Il n’est pas possible de mesurer la part de l’économie souterraine revenant aux mouvements sectaires. En l’absence de définition juridique de la notion de secte, les organismes de contrôle, notamment la Délégation interministérielle de lutte contre le travail illégal, n’appréhendent pas le domaine des sectes en tant que tel, mais l’ont rencontré, à un nombre suffisant de reprises au cours de leurs enquêtes, pour pouvoir considérer que les infractions à la législation du travail tiennent une place importante dans les agissements sectaires.

Le point de départ réside généralement dans l’emploi de bénévoles, pratique très courante dans le domaine associatif, comme nous l’avons vu plus haut. Il y a recours abusif au bénévolat et dissimulation d’emploi salarié lorsque l’on trouve dans l’activité des bénévoles tous les éléments constitutifs du contrat de travail, à savoir : un travail, un lien de subordination entre celui qui le donne et celui qui l’exécute, enfin une rémunération.

Ainsi, l’inspection du travail a démontré que l’utilisation des adeptes à la réalisation des travaux d’imprimerie des publications des Témoins de Jéhovah relevait de la notion de travail et dépassait celle de bénévolat. La mission d’inspection effectuée en juin 1996 a en effet permis d’établir que toutes les caractéristiques d’un travail salarié étaient réunies, notamment l’indication d’horaires, l’organisation des tâches et un lien de subordination hiérarchique pour celles-ci.

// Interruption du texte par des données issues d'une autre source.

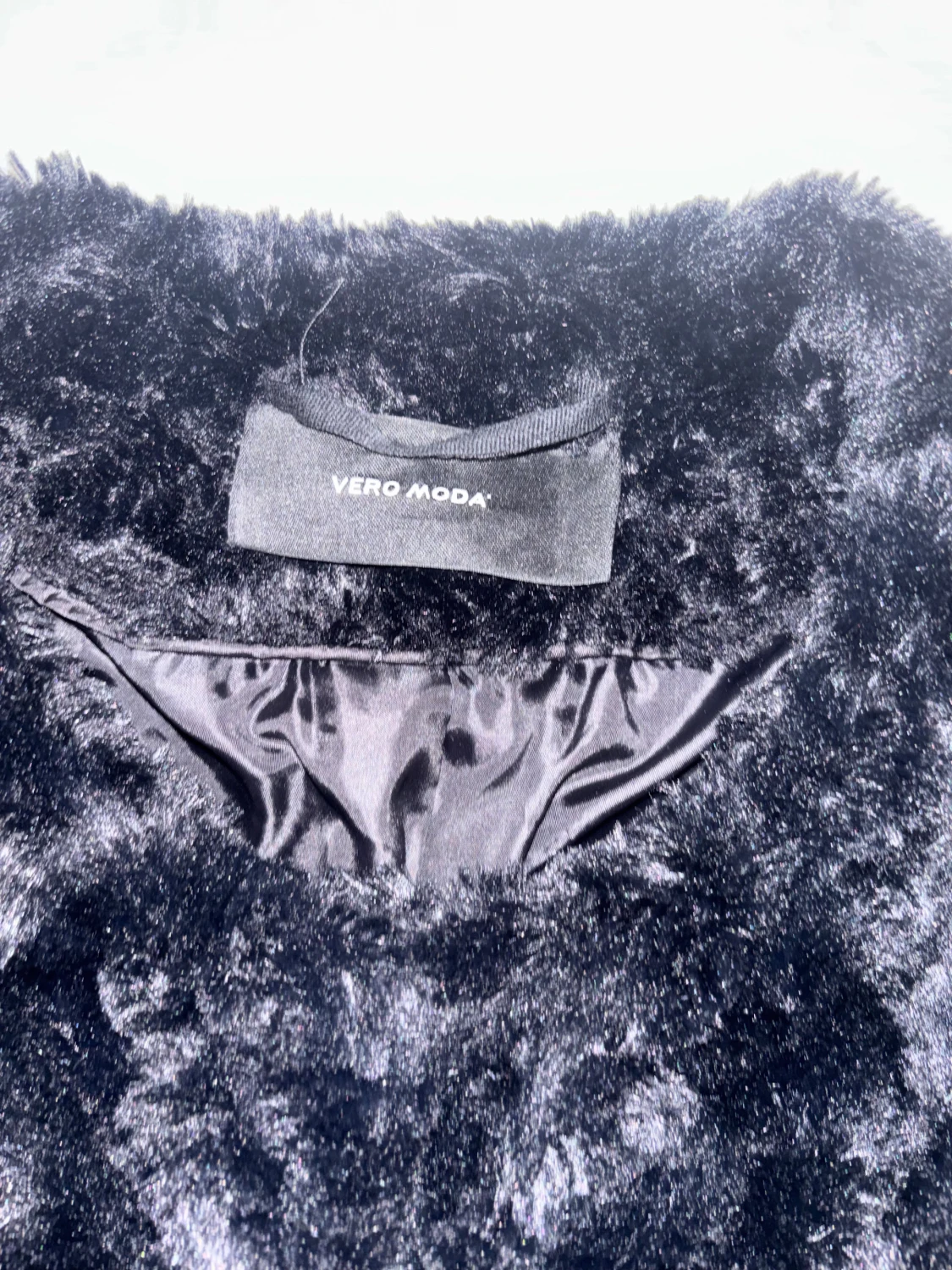 Svart pälsjacka från Vero Moda - 3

Avant la promulgation de la loi du 11 mars 1997, le code du travail liait la dissimulation de salariés à l’existence d’un but lucratif. L’inspection de 1996 n’a donc pas pu déboucher sur des poursuites pour travail clandestin, le caractère lucratif de l’association chargée de l’exploitation de l’imprimerie n’ayant pas pu être démontré, notamment à l’occasion du contrôle fiscal dont elle a fait l’objet et sur lequel on reviendra.

En revanche, le procès-verbal dressé le 22 juillet 1996 par l’inspection du travail a retenu les infractions suivantes : défaut de déclaration préalable d’occupation de personnel salarié (article L. 620-1 du code du travail), absence d’affichage des horaires de travail (article L. 620-2), défaut de tenue d’un registre unique du personnel (article L. 620-3), d’affichage de l’identité et de l’adresse de l’inspection du travail (article L. 620-5), de tenue d’un livre de paie (art. L.143-5), de visite médicale du travail, enfin non-respect des règles de sécurité à l’occasion d’un accident du travail.

Sur le fondement des dispositions votées en 1997 qui pourraient désormais justifier des poursuites pour travail illégal, le parquet d’Evreux a demandé à l’inspection du travail de constater à nouveau les infractions dont la communauté de Louviers est responsable. Une nouvelle inspection a eu lieu en juin 1998.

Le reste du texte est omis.